Series: The Inheritance Cycle; Book 1
Author: Christopher Paolini
ROTS Setting: UU, Medieval/Renaissance, Dragons, Magic, Higher Magic
Synopsis: When Eragon finds a polished blue stone in the forest, he thinks it is the lucky discovery of a poor farm boy; perhaps it will buy his family meat for the winter. But when the stone brings a dragon hatchling, Eragon realizes he has stumbled upon a legacy nearly as old as the Empire itself. Overnight his simple life is shattered, and he is thrust into a perilous new world of destiny, magic, and power. With only an ancient sword and the advice of an old storyteller for guidance, Eragon and the fledgling dragon must navigate the dangerous terrain and dark enemies of an Empire ruled by a king whose evil knows no bounds. Can Eragon take up the mantle of the legendary Dragon Riders? The fate of the Empire may rest in his hands. . . .
Recommendation: I recommend this series for pre- and early teens.
I always remembered this as basically being for younger readers, not children but pre-teens so I’m surprised at the various mature references. It’s not over the top and I can’t remember if I noticed and then forgot or never noticed to begin with.
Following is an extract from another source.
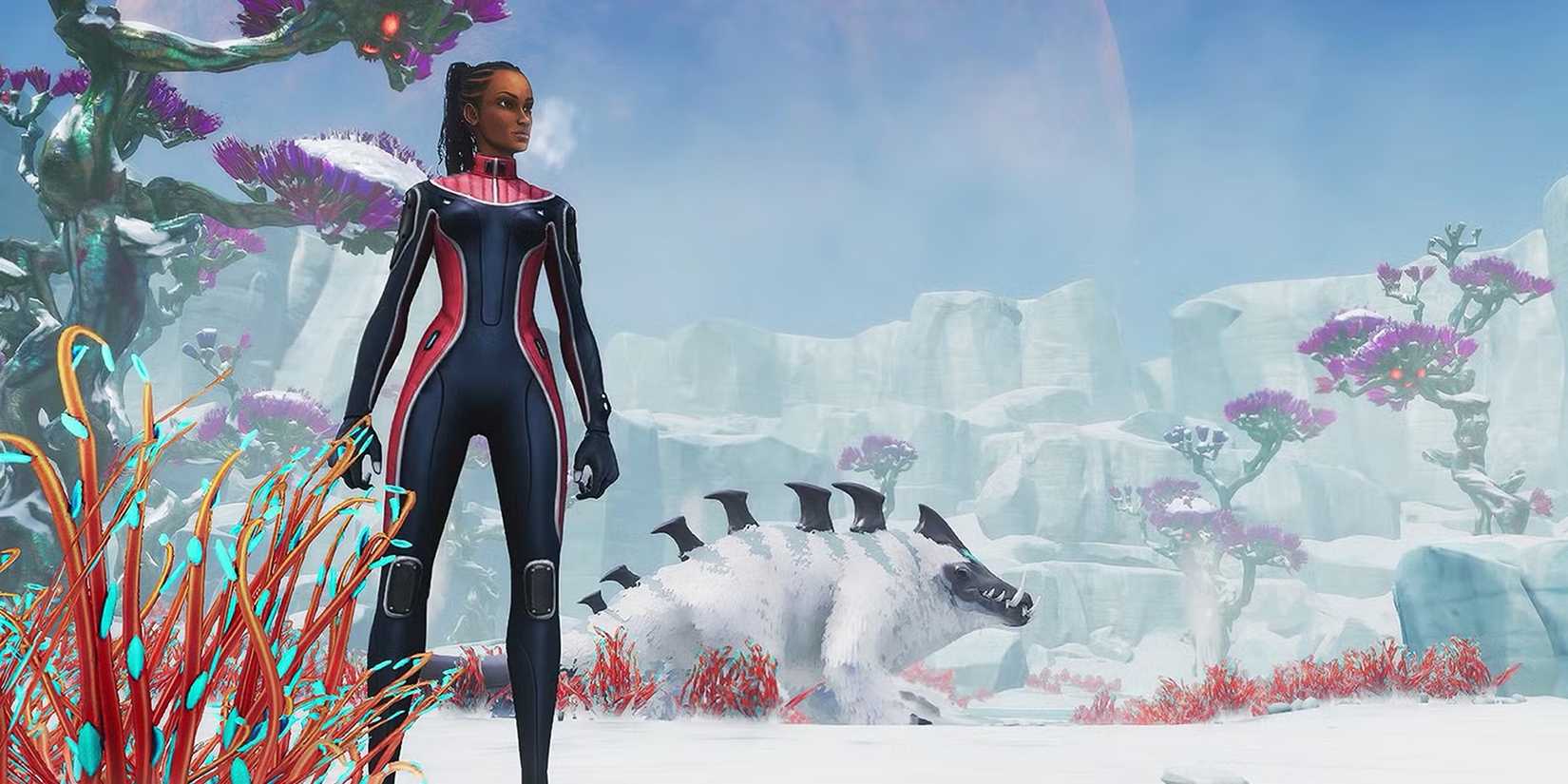 The main character stands in a wetsuit in Subnautica Below Zero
Eragon is a simplistic character whom I don’t care much for but he’s not a terrible character. In isolation (not considering the rest of the series), there’s some real potential there. And like the characters, the plot is also pretty simple and straight forward and other than some minor plot holes and clear maneuvering by the author for the sake of drama, it’s not bad.
My biggest issue with this book is with world building. The “empire” feels tiny, empty, and living in a vacuum. Everything is isolated from everything else. There’s no common culture or clashing cultures. The language used by the unlearned and illiterate is quite intellectual and high brow. Rivers fork! Horses can sprint over long distances and for days at a time. Magic has both hard limits and yet is used indiscriminately.
It’s the in-between nature of book that’s the cause of most of my frustration. Had this been targeted toward children then much of the detail could have been glossed over and reversely had this been targeting teens then the details would need to have been worked out a bit better. From a casual perspective, this novel is just fine. It’s an easy read fantasy that’s entertaining with mild fulfillment. Sadly, any sort of closer scrutiny and it’s weaknesses become glaringly obvious.
And that’s when compared with an adult author which Mr. Paolini was not at the time that this book was written. It’s solid book for an author of any age, but knowing he was a teenager is absolutely amazing.
In summary, it’s a good novel and a decent series opener. I’ll be reading the rest of the series over the course of this month so keep an eye out for those.